Friday 10 February 2012

Marble Cheese Cake

I have almost not wanted to post this cake. I didn't mix the egg yolks and egg whites batter fully, resulting in the hardened cheese visible at the bottom. I only realized that when I poured the batter to the cake tin for baking. I cringed to see the egg yolks-cheese batter not mixed at the bottom of the pan where I cooked the cheese-butter mixture. Thinking back, maybe I should just discard the unmixed portion of the egg yolks-cheese batter. But taste wise, it was really good. Since this is my maiden try on baked cheesecake in water bath, I think I can forgive myself....haha...

I used the fingers sponge used to make tiramisu as I didn't have the time to bake a sponge cake as the base. I was tempting the make the normal digestive biscuits base but Kitchen Corner said in her comments (where this recipe is adapted from http://gracekitchencorner.blogspot.com/2010/03/marble-soft-cheesecake.html), the digestive biscuits base may not suitable as it may be too hard if paired up with the very soft cheese cake layer. So, I dip the fingers sponge into a coffee and rum mixture to act as the base and then pour the cheese batter on top.

I will definitely make this again with a sponge cake base next time.

The harder cheese mixture at the bottom, it is probably heavy,
so it sank to the bottom and pushed the lady fingers
layer to the middle

Ingredients:
For the cream cheese layer:
  • 160g cream cheese
  • 50ml whippping cream
  • 70ml milk
  • 60g unsalted butter
  • 100g caster sugar
  • 30g corn flour
  • 1 teaspoon vanilla extract
  • 4 egg yolks
  • 4 egg whites
  • 1 teaspoon cream of tartar
  • 1 tablespoon cocoa powder
For the sponge base:
  • 4 tbsp coffee
  • 1 tbsp dark rum
  • 10 lady fingers (more or less - I didn't note down the actual numbers, some are broken into 2 to fit the cake tin and some went into my stomach)
Method:

  1. Melt cream cheese, whipping cream, milk and butter over double boiler.
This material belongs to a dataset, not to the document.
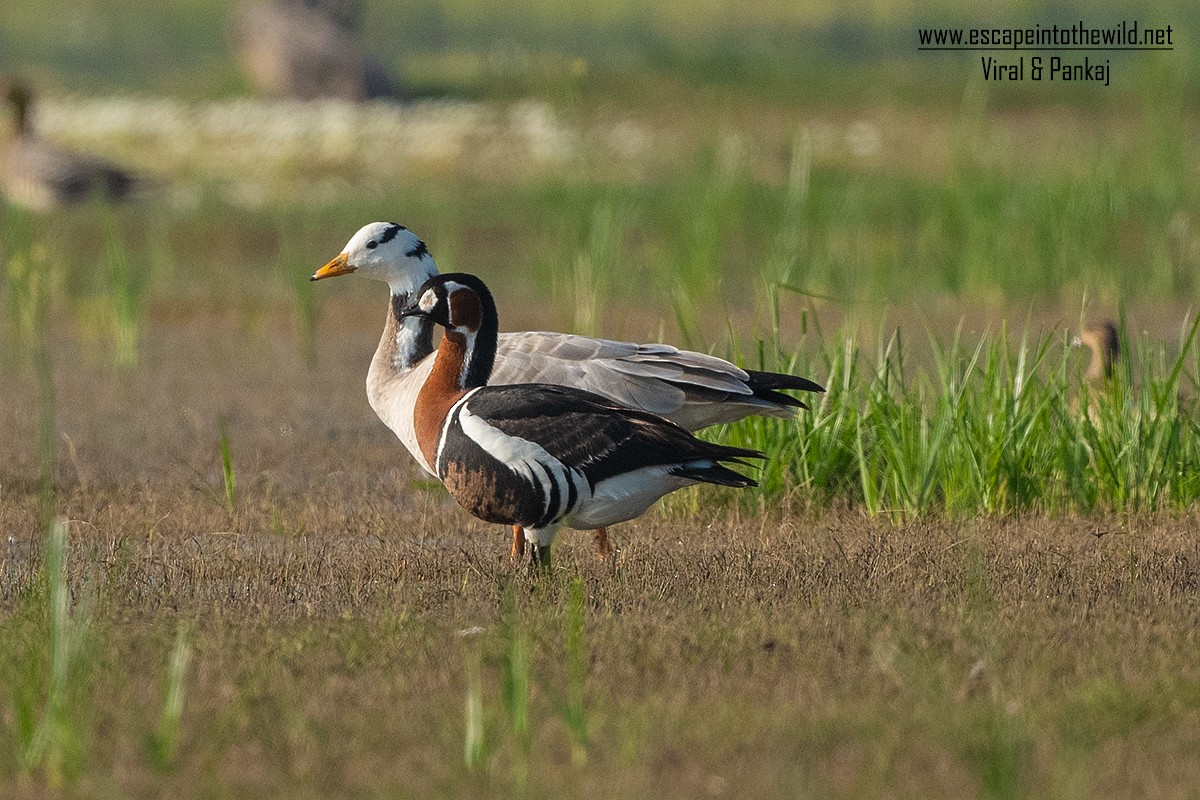 Red-breasted Goose - ML347149391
Stir occasionally until smooth. Remove from heat.
  2. Add in 50g of sugar, corn flour, vanilla and egg yolks then stir well.
  3. Line an 8-inch round cake pan. If you have a springform pan, you don't have to do any lining. Dip (not soak) both sides of the lady fingers into the coffee-run mixture. Arrange the lady fingers at the botton of the cake tin. You may break the biscuits to fill any weird angle space in the cake tin.
  4. Beat egg white and cream of tartar in another clean bowl until mixture forms soft peaks. Gradually add in the rest of sugar, continue beating until frothy and stiff peaks form.
  5. Gently fold beaten egg white foam into cheese mixture until blended.
  6. Stir 80g of cheese mixture with cocoa powder until well combined. (Now, I think this means stir into mixture in step 5, I actually stirred the mixture into step 2, so my cocoa cheese mixture in not visible)
  7. Pour vanilla cheese mixture into cake tin. Drizzle some cocoa cheese mixture over the surface and draw marble pattern with skewer. Place the baking pan in a large tray.
I don't have a springform pan, so I lined the cake so the cake
be easily removed.
8. Pour enough hot water into larger tray to come half way up sides of baking pan. Bake in preheated oven at 140C for 30 minutes. Reduce heat to 120C and continue bake for 30 minutes.
9. Remove from heat and leave to cool. Chill in the fridge for overnight before serve.





After slicing, the taste is good though.